> _GIVEN ENTRIES_
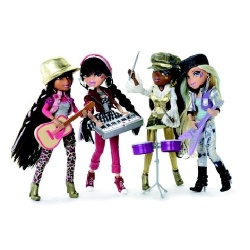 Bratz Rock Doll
==
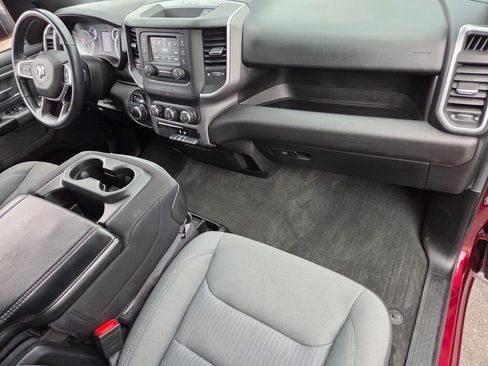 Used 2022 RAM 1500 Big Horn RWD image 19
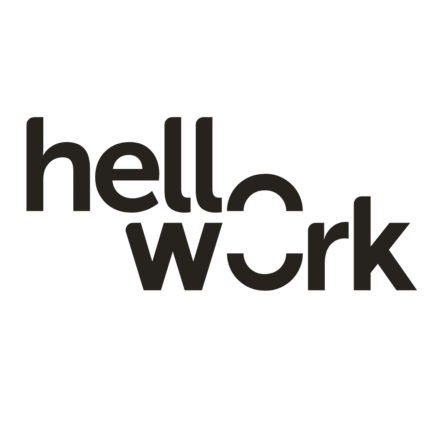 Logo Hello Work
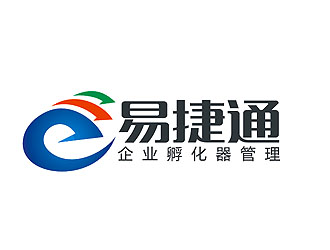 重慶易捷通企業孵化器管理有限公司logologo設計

> _PROBLEM REQUIREMENTS_
Once the line with "Used 2022 RAM 1500 Big Horn RWD image 19" is found in the data above, reproduce it and each line after it exactly, through the line with "重慶易捷通企業孵化器管理有限公司logologo設計". Omit the pictures.

> _EXERCISE RESPONSE_
 Used 2022 RAM 1500 Big Horn RWD image 19
 Logo Hello Work
 重慶易捷通企業孵化器管理有限公司logologo設計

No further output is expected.